In the second brief, CLS asked a federal court of appeals to implement the federal Religious Land Use and Institutionalized Persons Act (RLUIPA) to allow prisoners to practice their religion. On this brief, CLS was pleased to be represented by the newly inaugurated Stanford Law School Religious Liberty Clinic. Through this collaboration, CLS served two of its fundamental purposes: encouraging law students in their professional development and protecting religious liberty.
2012
December 2012
The Illinois Attorney General announced on December 5, 2012, that the State would not appeal a court ruling that protects Illinois pharmacists’ conscience rights. This is a significant victory for Christian pharmacists and religious liberty. Throughout seven years of litigation, CLS filed several amicus briefs in Illinois courts against the “Blagojevich Rule,” a regulation aimed at forcing Illinois pharmacists to dispense abortion-inducing drugs despite their religious and moral convictions.
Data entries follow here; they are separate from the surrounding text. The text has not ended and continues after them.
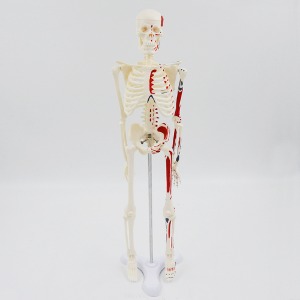 인체 컬러 근육 모형(45cm)R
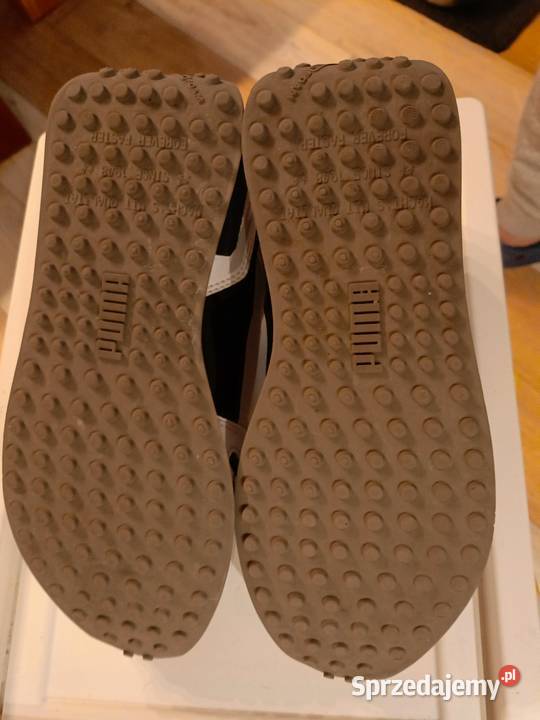 Pumy damskie dolnośląskie Wrocław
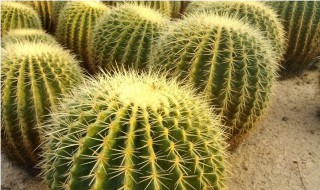 仙人球放门口什么位置好 大家可以看一看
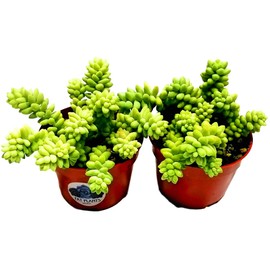 Living Succulent 4" Donkey Tails, Fully Rooted Succulents Plants Live, Succulent Plants Trailing Hanging, Sedum Burrito House Plant for Home Office Decoration, DIY Projects, Party Favor Gift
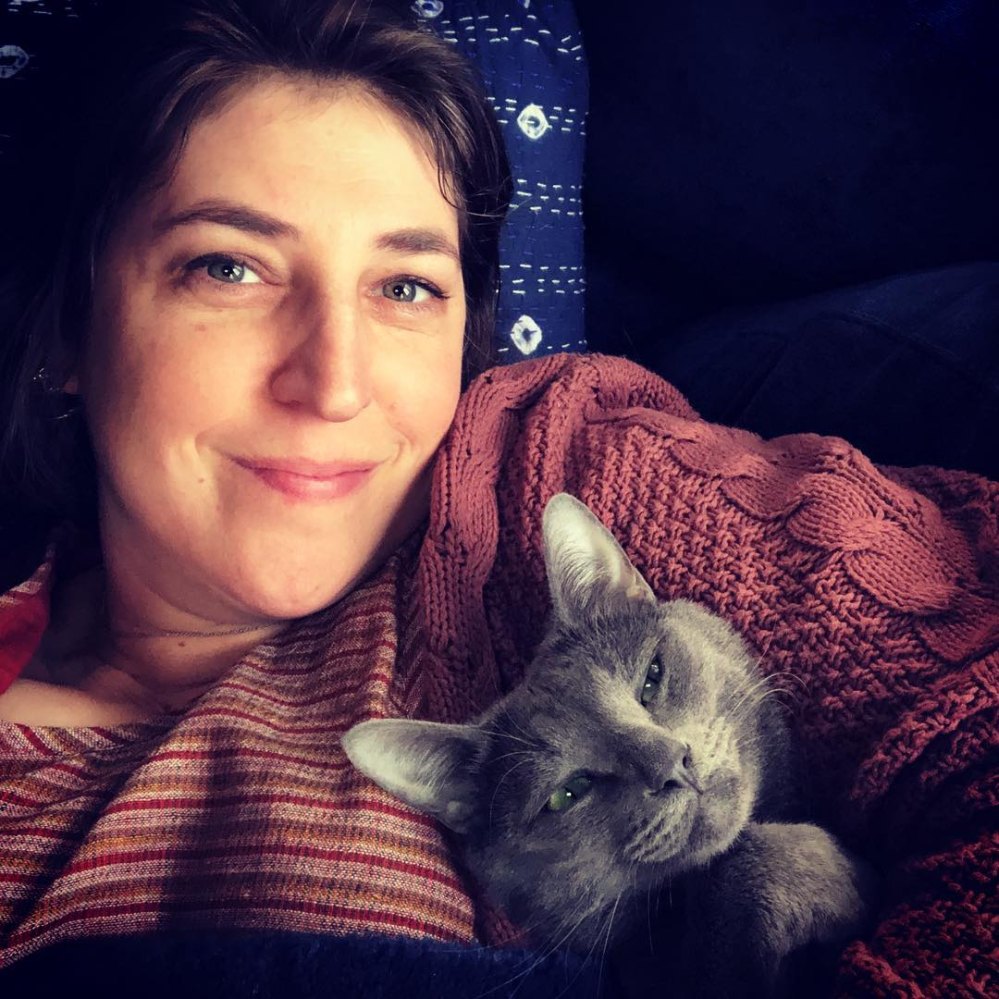 Mayim Bialik Details Quarantine Life With Her 3 Cats p 2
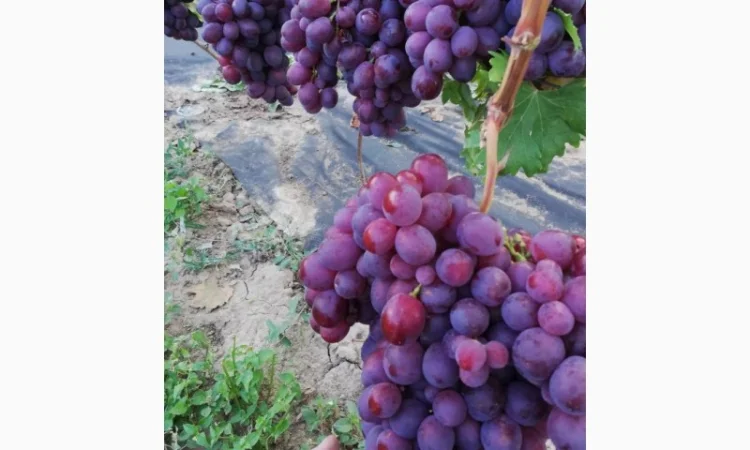 Продается элитный виноград оптом - фото № 2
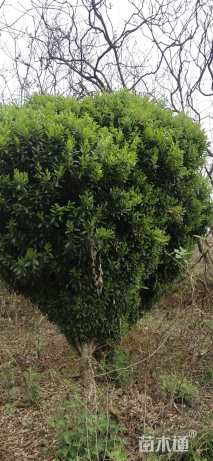 高度200厘米小叶黄杨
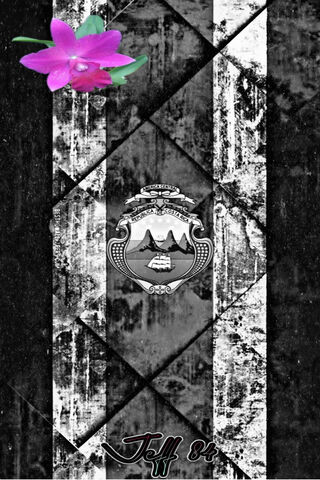 Tropical Elegance: The Spirit of Costa Rica 🌺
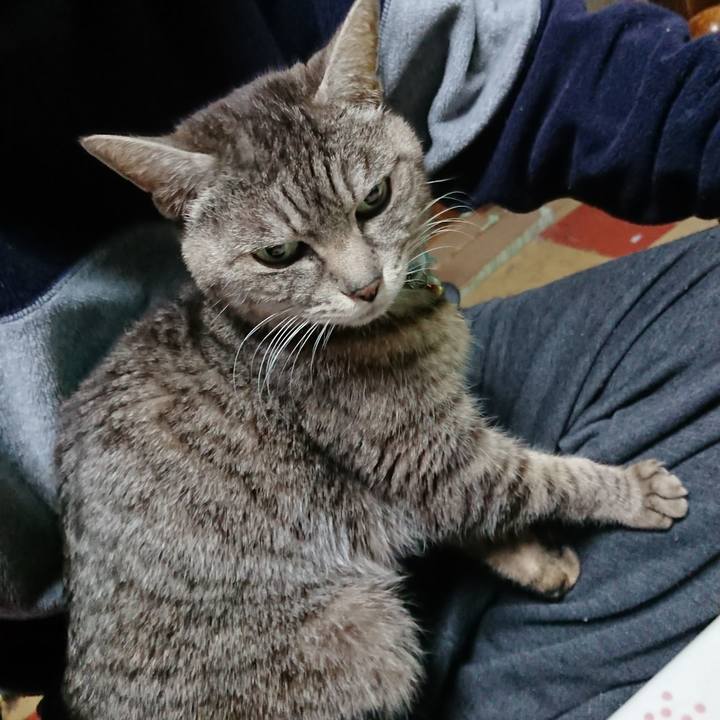 0ccad8e2 bb17 4787 bdd8 6b7c187c821d 1553720043759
Joining CLS on the latest brief were the Catholic Conference of Illinois, the National Catholic Bioethics Center, and the Christian Pharmacists Fellowship International. In September 2012, an Illinois appellate court ruled that the regulation violated state conscience laws. It upheld a 2011 trial court decision that found the regulation violated state laws and the federal First Amendment. In 2005, then-Governor Blagojevich ignored the Illinois legislature’s repeated protection of its citizens’ conscience rights. At a time of a severe pharmacist shortage, the Blagojevich Rule risked the health care of all Illinois citizens by forcing pharmacists to choose between their consciences and their jobs. The State had been expected to appeal, but fortunately, after seven years of litigation, the Attorney General finally chose to accept the courts’ protection of pharmacists’ conscience rights.
November 2012
CLS FILES TWP BRIEFS TO PRESERVE AMERICANS’ RIGHTS TO LIVE THEIR RELIGIOUS BELIEFS IN THEIR PROFESSIONAL LIVES
In the Ninth Circuit, CLS defended the right of pharmacists to refuse to dispense drugs that they consider to be abortifacients. The brief provides the scientific evidence for the pharmacists’ reasonable belief that the drugs Plan B and ella may destroy human life. The brief also discussed the Christian tradition of respecting each individual unborn human as a unique moral being.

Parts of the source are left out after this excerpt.